Paylaş
Şimdi hazirana çektim ayarı...
Her yıl mevsim normalleri, o normallerin ortalamaları sürekli değişiyor ya... Hepsinin köküne kibrit suyu.
Arabaya biniyorum, ön konsoldaki dijital derece 32 gösteriyor sıcaklığı. Yanından geçtiğim yola dikilmiş dijital tabelada ise -yok mu arttıran- sıcaklık 40. Aradaki farka bakıp, “Acaba tabela tanrıya mı daha yakın benden, güneşe mi” diye soruyorum. Yanıtı da terletiyor.
O sırada radyodan o mahut meteorolojik uyarı geliyor:
“Yarın Ankara 36 derece olacak...”
Sunucu kışın her ayazda ve yazın her sıcakta “kullanışlı” o şablon metni ekliyor:
“Yaşlılar, kalp ve tansiyon hastaları ve dahi hamileler mecbur olmadıkça sokağa çıkmasın...”
* * *
Hani, saydığı grubun sadece iki baharda (ilk ve son) sokağa çıkmasını kabulleneceğim neredeyse de... O ekip zaten hiç sokağa adımını atmamalı.
Ankara’nın hiç bitmeyen kazıları, kazılıp kapatıldıktan sonra Mars yüzeyinden beter çukur-mukur, engebeli yol halleri, yüksek kaldırımları, iki karış eniyle yok kaldırımları, asansörü çalışmayan, merdiveni yürümeyen üst geçitleri vb.. malum.
“Vb”ni de uzun uzun anlattırmayın bana, bir gün en sakin zamanında Cinnah Caddesi’nden karşıdan karşıya geçmeye çalışın, geçebilirseniz anlayacaksınız beni. Geçemezseniz de ben anlayacağım, niye geçemediğinizi. (Müessesemiz ve bu köşe, geçiş sırasında canınızdan, elinizdeki poşetteki, çantadaki kıymetli eşyalardan sorumlu değildir)
* * *
Sıcakta soğukta, yağmurda buzda, ASKİ, Başkent Elektrik, doğalgaz kazılarında, metro inşaatında, bitmek bilmez kaldırım tadilatlarında velhasıl bu şehrin normal hallerinde, sokağa çıkması anormal görülen hamilelere benim diyecek bir şeyim yok.
Ama herhangi bir tartışma rahme düşmeden sözünü esirgemeyen etkili/yetkililerin var:
“Oturun evde çocuk yapın; üç de yetmez beş tane...”
Eh, herşey herşeye gebeyse bu aralar, bu gündem de mevsim normallerine uygun.
* * *
Neyse dijital derecelere, meteoroloji bültenlerine göre 30 ile 40 derece arasında seyreden sıcaklıkta, ben de kendi termostatıma göre 50 derece terliyorum, muhtemelen.

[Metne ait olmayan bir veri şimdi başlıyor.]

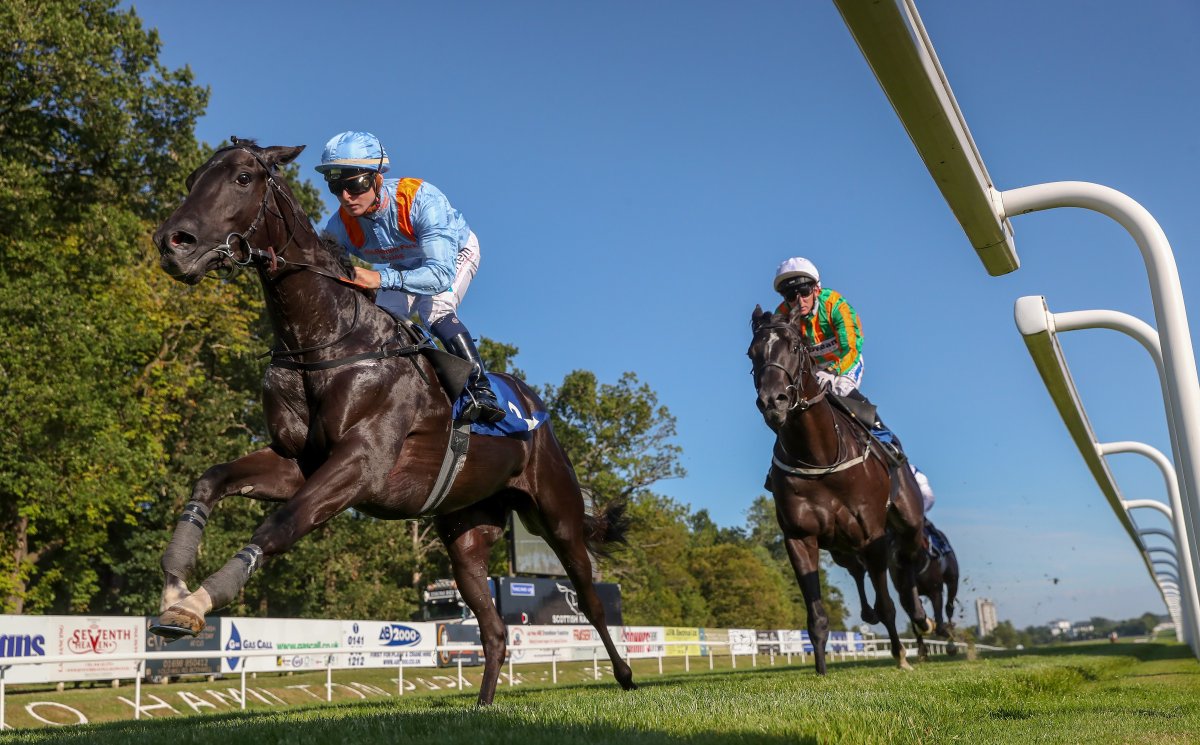 Equestrian Influence tweet media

Terlerken, en cehennem yerlere mahsus bültenleri getiriyorum aklıma, yüreğime su serpmek için:
“Şanlıurfa gölgede 45, İzmir 42 derece...”
Belki ondan sıcak yerlerde insanlar her seçimde önündekinin gölgelerini takip ediyor, diyorum içimden... Su serpilmiyor içime.
Ön camdan arabanın siperliğini aşan güneş, gölgemi arka koltuğa oturtuyor.
Ve gölgem, terlemediği için tuzu kuru derviş gibi arka koltuktan söyleniyor bana:
“Bok var, ömür boyu yaşadığın, yıllardır yazdığın, bir dönem sevdalandığın bu şehirde...”
(Yazım basılmadan o kaka kelimeyi “.ok” şeklinde düzelteceğime söz veriyorum, ama hava sıcak, çok sıcak...)
BAZI okurlarımız, “Ankara’nın tarihini yazıyorsunuz da, köşe yazılarınız tarih oldu. Yazılarınıza devam etmeyecek misiniz” sorusunu yöneltiyorlar. Birlikte yazdığımız “Ankara”nın Sözlü Tarihi” dizimiz nedeniyle biraz ara verdiğim yazılarıma, ufak ufak başlıyorum yeniden. Tarihimiz ise daha uzun süre koca koca devam edecek.